What you will do:
As you work through the listing below, copy each line exactly and drop the images.

Information provided:
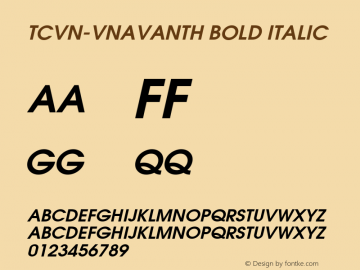 TCVN-VnAvantH Bold Italic MS core font:v1.00 Font Sample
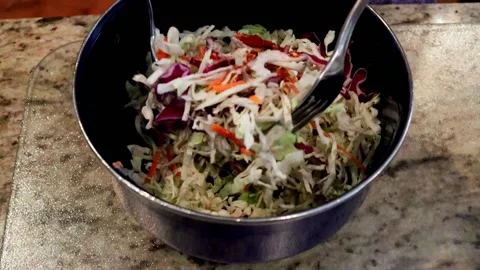 Mixing Coleslaw Stock Footage 133369492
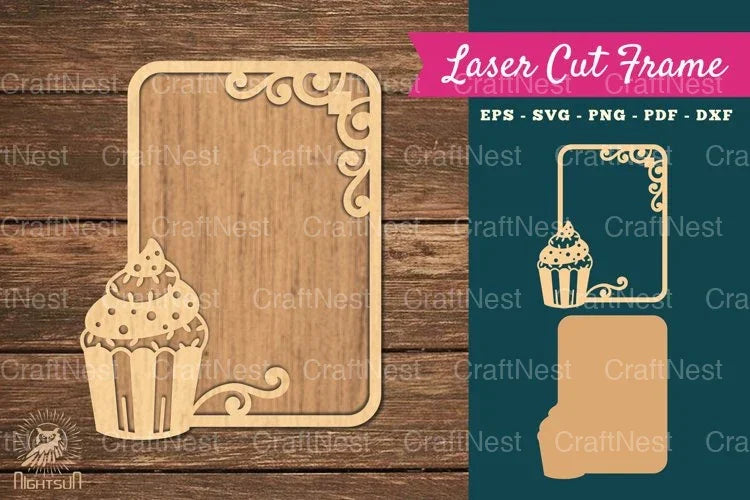 Cupcake Laser Cut Frame SVG Bundle - CraftNest - Digital Crafting and Art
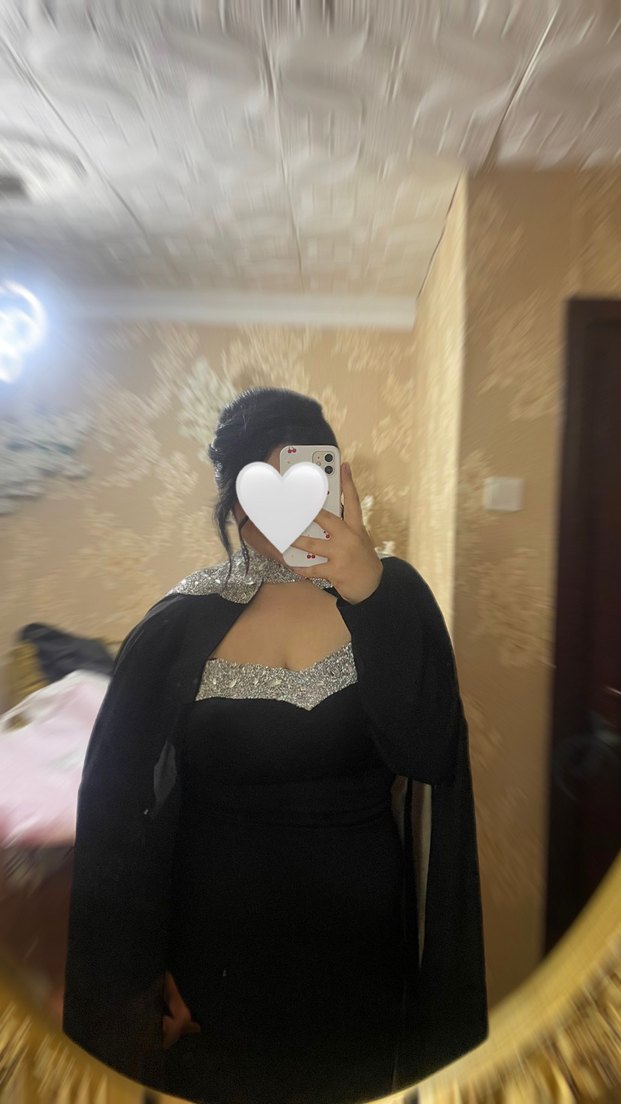 Uzun Siyah Gotik Drape Abiye Elbise - Görsel 2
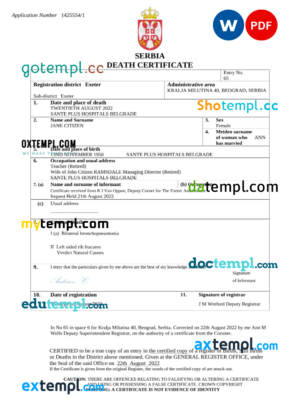 Portugal death certificate Word and PDF template, completely editable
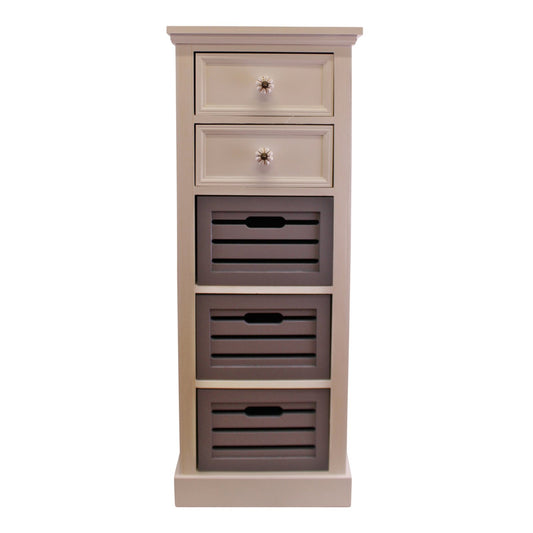 Contemporary Grey & White Chest Of Drawers, 5 Drawers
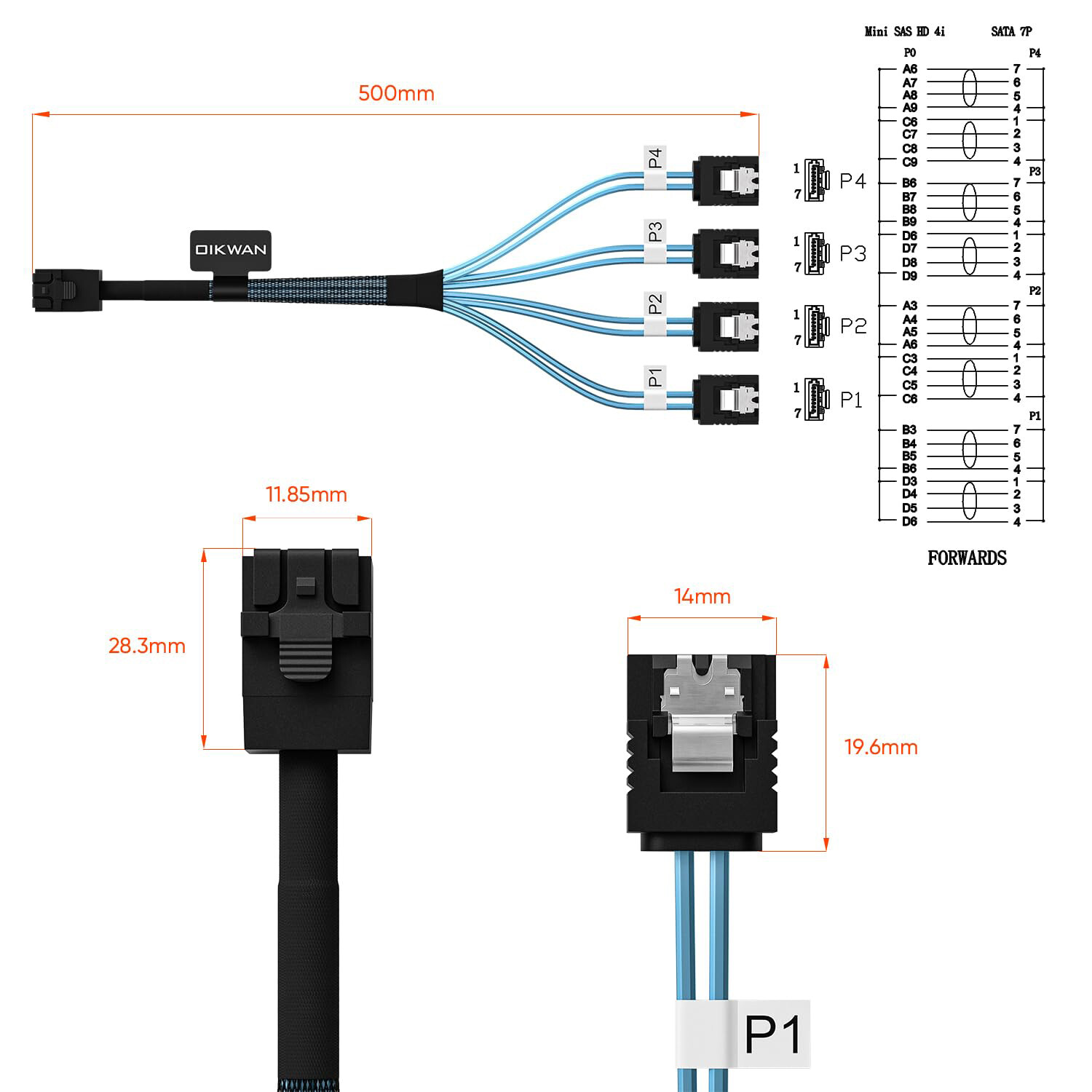 2PCS Internal HDD Mini SAS Cable SFF-8643 To 4 SATA Connect to Hard Drive 0.5/1M
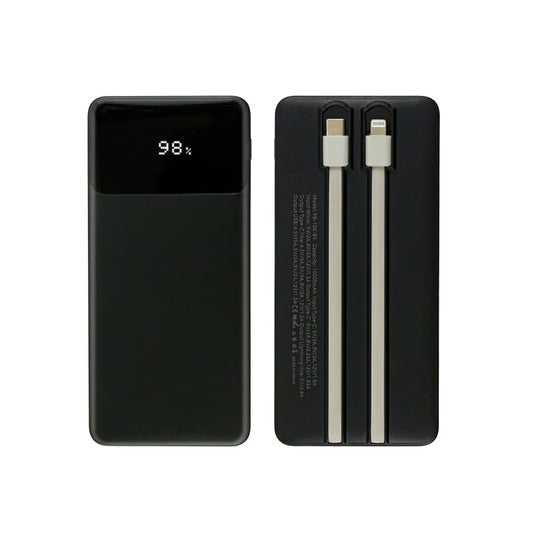 10000 mAh Powerbank with LED Screen and Built-in Cables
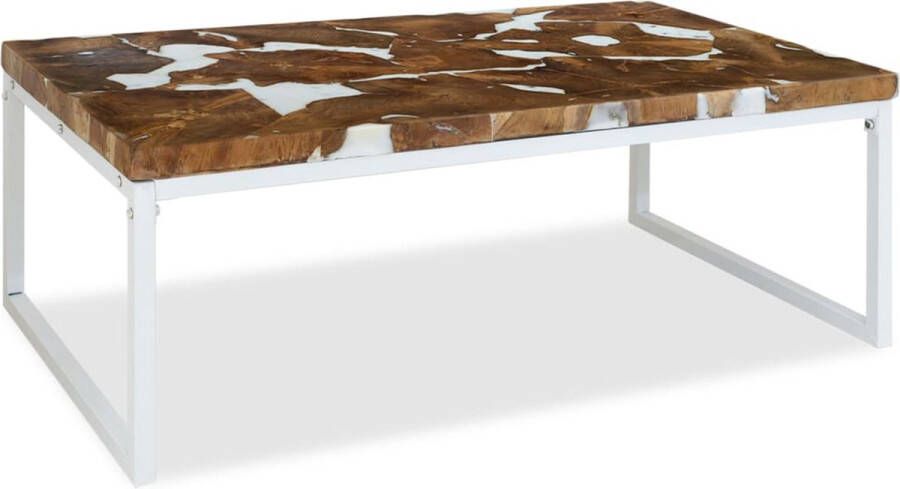 The Living Store Salontafel Rustieke Charme Teakhout met Hars 110x60x40 cm Handgemaakt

Result below:
 TCVN-VnAvantH Bold Italic MS core font:v1.00 Font Sample
 Mixing Coleslaw Stock Footage 133369492
 Cupcake Laser Cut Frame SVG Bundle - CraftNest - Digital Crafting and Art
 Uzun Siyah Gotik Drape Abiye Elbise - Görsel 2
 Portugal death certificate Word and PDF template, completely editable
 Contemporary Grey & White Chest Of Drawers, 5 Drawers
 2PCS Internal HDD Mini SAS Cable SFF-8643 To 4 SATA Connect to Hard Drive 0.5/1M
 10000 mAh Powerbank with LED Screen and Built-in Cables
 The Living Store Salontafel Rustieke Charme Teakhout met Hars 110x60x40 cm Handgemaakt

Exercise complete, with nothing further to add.